◆ DATA SUPPLIED
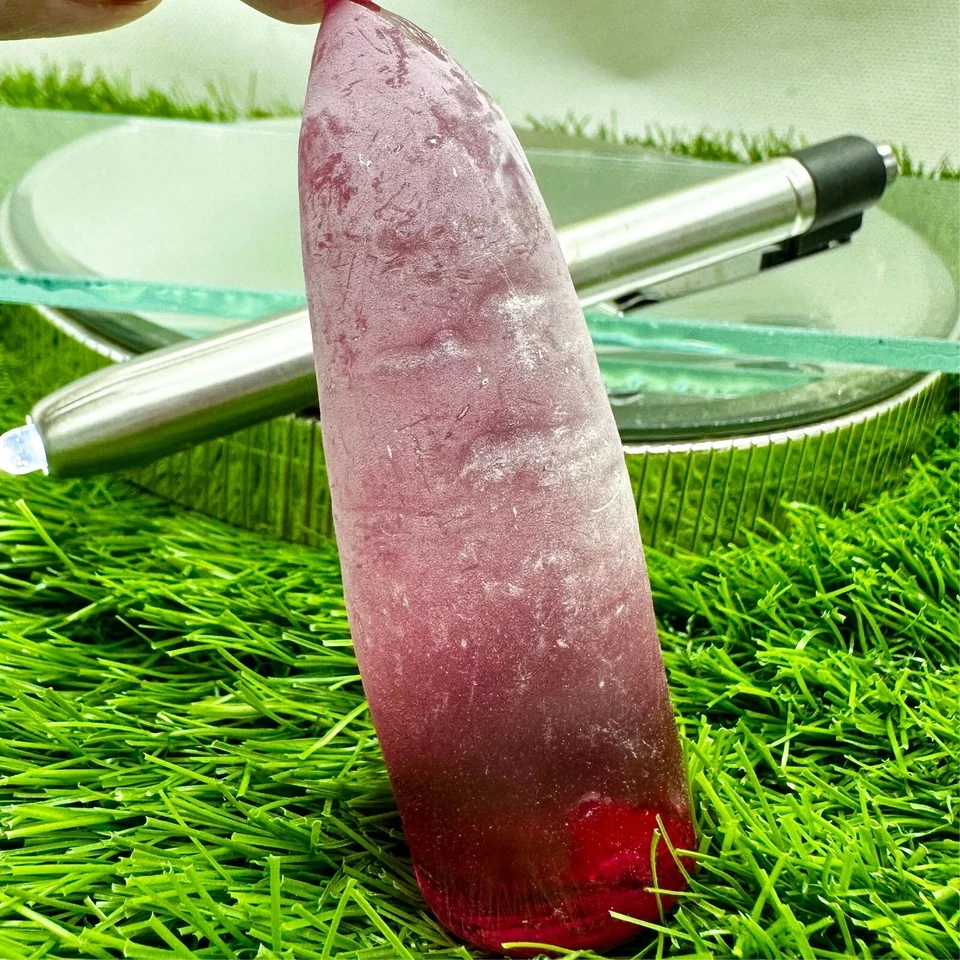 LAB CREATED 74.15 GRAM EXCELLENT RUBY #3 ROUGH CORUNDUM (Half Boule) GEMSTONE - Image 2 of 3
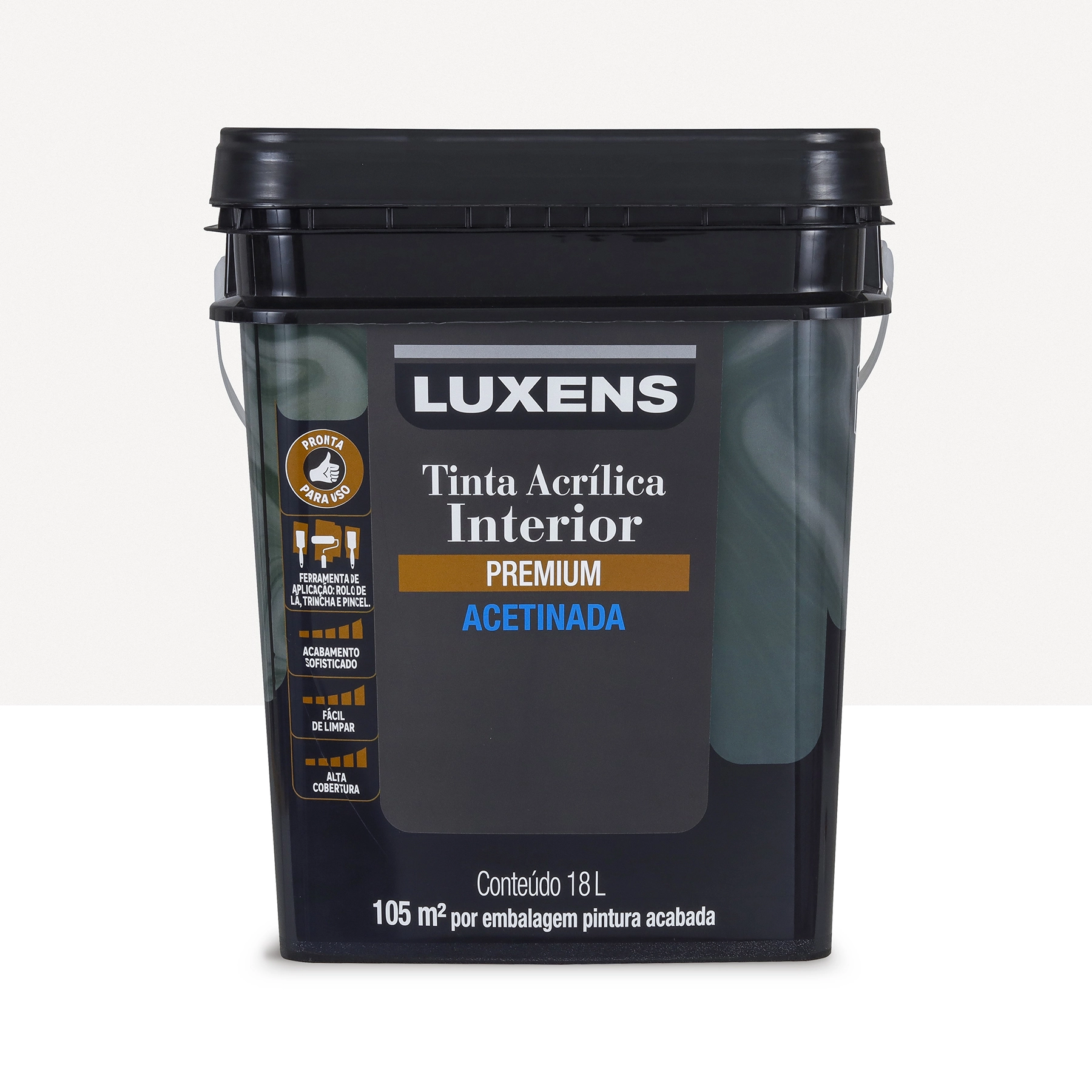 Tinta Acrílica Acetinada Pronta para Uso Premium Interior Branca 18 L Luxens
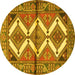 Round Persian Yellow Traditional Rug, tr4028yw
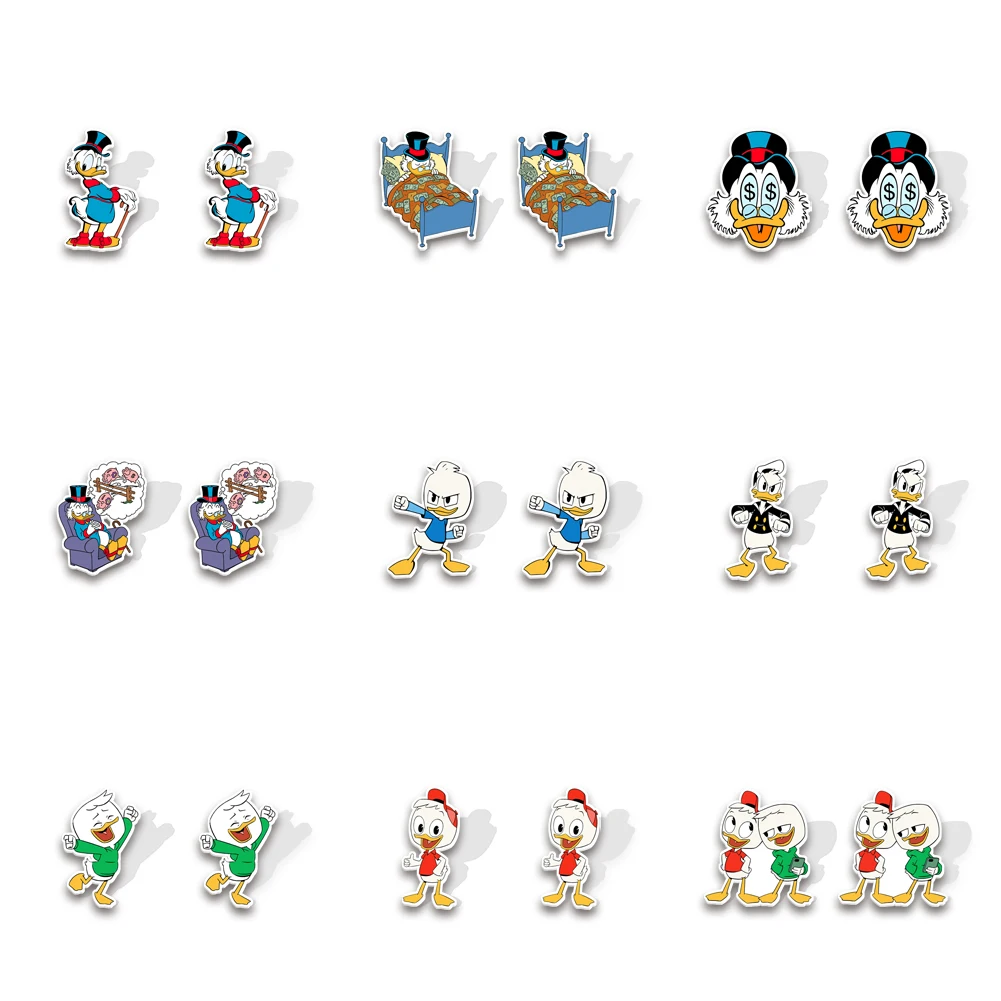 W Hot Sale Colorful Jewelry Acrylic Cartoon Duck Earring Stud Cute Variform Resin Romantic For Girl Trendy Earring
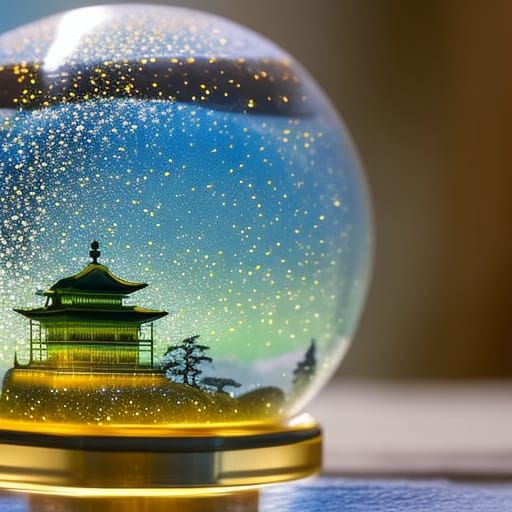 Kinkaku-ji Temple in Ethereal Snow Globe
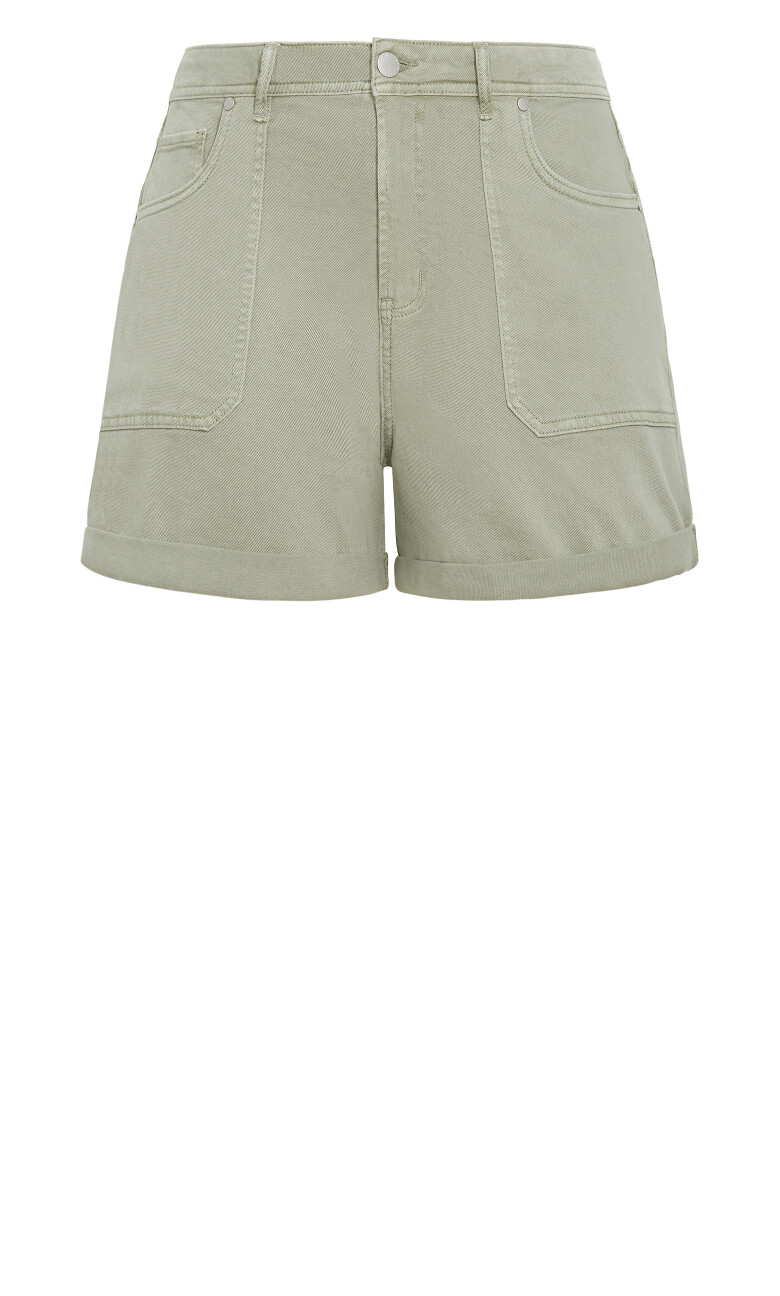 Denim Safari Short - khaki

◆ WHAT THIS TASK INVOLVES
Start at the top line above and repeat the records verbatim, leaving images out.

◆ SOLUTION TO THE PROBLEM
 LAB CREATED 74.15 GRAM EXCELLENT RUBY #3 ROUGH CORUNDUM (Half Boule) GEMSTONE - Image 2 of 3
 Tinta Acrílica Acetinada Pronta para Uso Premium Interior Branca 18 L Luxens
 Round Persian Yellow Traditional Rug, tr4028yw
 W Hot Sale Colorful Jewelry Acrylic Cartoon Duck Earring Stud Cute Variform Resin Romantic For Girl Trendy Earring
 Kinkaku-ji Temple in Ethereal Snow Globe
 Denim Safari Short - khaki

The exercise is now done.